- **WHAT THE EXERCISE ASKS**
Would you return the listing exactly as written, apart from its pictures?

- **DATA FOR REVIEW**
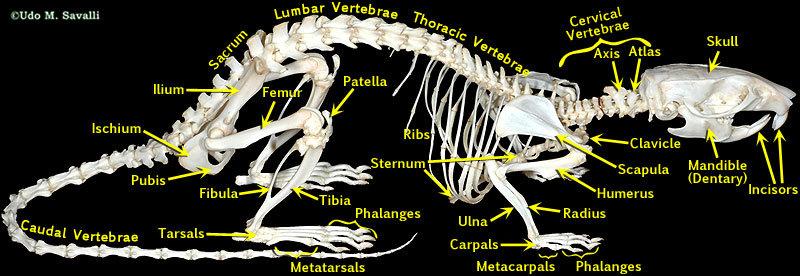 Rat Labelled Diagram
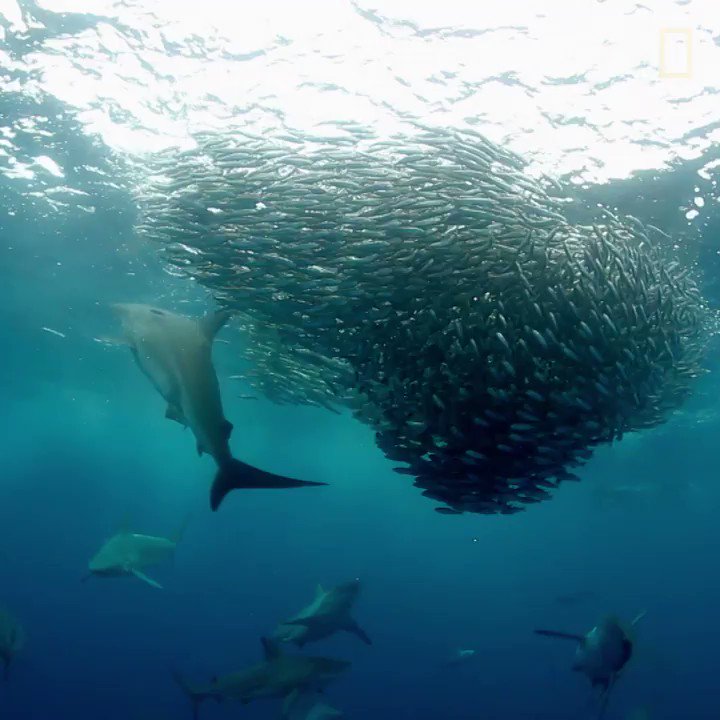 Sardines travel in large schools, but is there actually safety in numbers?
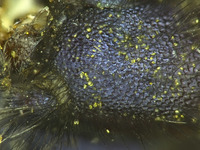 Osmia pellax image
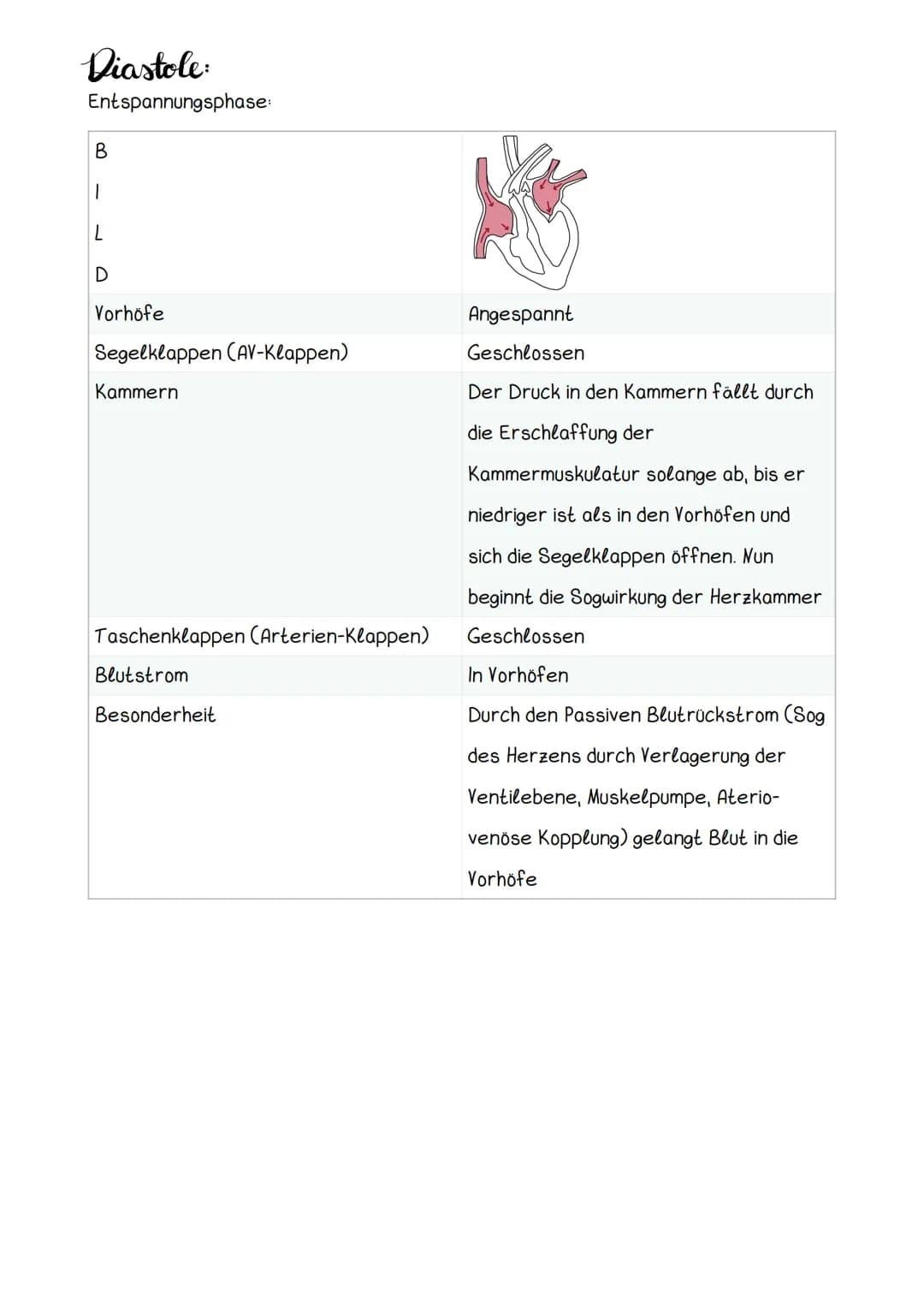 Hery Anatomic
Obere Hohlvene
Mitralklappe
Untere Hohlvene Sehnenfaden
rechter Vorhof
Papillarmuskel
linke Kammer
Aortenklappe
Aorta
Trikuspi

- **EXPECTED OUTPUT**
 Rat Labelled Diagram
 Sardines travel in large schools, but is there actually safety in numbers?
 Osmia pellax image
 Hery Anatomic
Obere Hohlvene
Mitralklappe
Untere Hohlvene Sehnenfaden
rechter Vorhof
Papillarmuskel
linke Kammer
Aortenklappe
Aorta
Trikuspi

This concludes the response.